Critics of race-norming in medicine argue that the use of race-correction factors is unreliable as these are based on unsubstantiated assumptions that Black bodies are fundamentally different from others. Projects such as "The Human Genome" have taken further steps to debunk this assumption, revealing that any two human beings are 99.9 per cent identical at the DNA level with the remaining factor not varying according to race. Similarly, it has been found that no DNA test has the capacity to determine an individual’s race.
Such findings reinforce the idea of Black and white races as mere socio-political concepts which, in the majority of medical cases, do not explain differences in biological baseline functions. While biological factors such as heart rate or age have scientific backing used to justify their influence in guiding medical treatment recommendations, there remains a concerning lack of clear medical justification for using race to influence medical decisions in a similar way.

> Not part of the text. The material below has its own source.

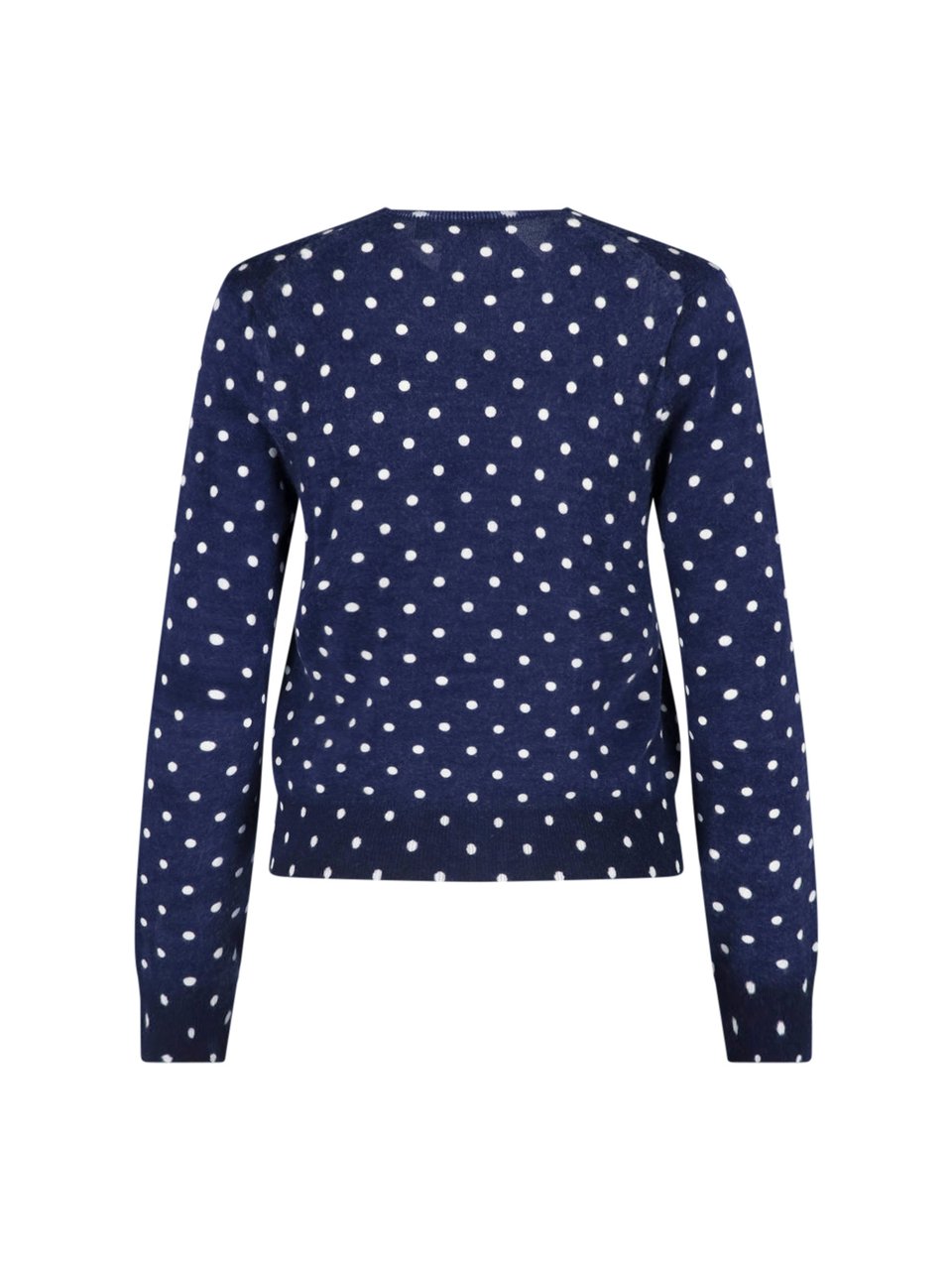 Comme des Garçons Navy Polka Dot Button-Down Cropped Sweater Blauw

With this in mind, the ethics and legality of such widely used race correction factors stand on shaky ground going forward. Where robust medical justification is lacking, instead, unsettling pseudoscience remains. It is used to legitimise and fuel systematic racism and discrimination practices such as those used until recently by organisations such as the NFL.
As medical schools become increasingly diverse, there is increasing scrutinisation and a growing number of medical professionals speaking out against the prevalent influence of skin colour in diagnosing diseases. While experts such as Dr Fair and Dr Jones argue that medicine should not be “colour-blind” the role of race in healthcare should only have influence if there is clear justification. One such example is evidence which points to greater risk of prostate or breast cancer in African Americans which could prompt recommendations for earlier cancer screening amongst these groups. Crucially, race considerations in these medical decisions would not set Black patients at a disadvantage or at risk of delayed treatment.
Going forwards, however, momentum is growing for a shift away from race being used as a blanket proxy for socioeconomic status, healthcare access, income or education factors. These are actually more likely to be driving disparities in health outcomes between races than race itself. Instead, there is a need for an approach that considers the influence of these specific factors on an individual’s risk calculation. This would set the stage for an approach which is not only more fair but also more accurate.
While the announcement that the NFL will stop using race-norming to determine compensation eligibility is positive, it is undeniably concerning that an end to this practice occurred less than a month ago. While it remains in the headlines, there is a valuable opportunity to create change regarding the wider issue of race-norming which it has brought into focus.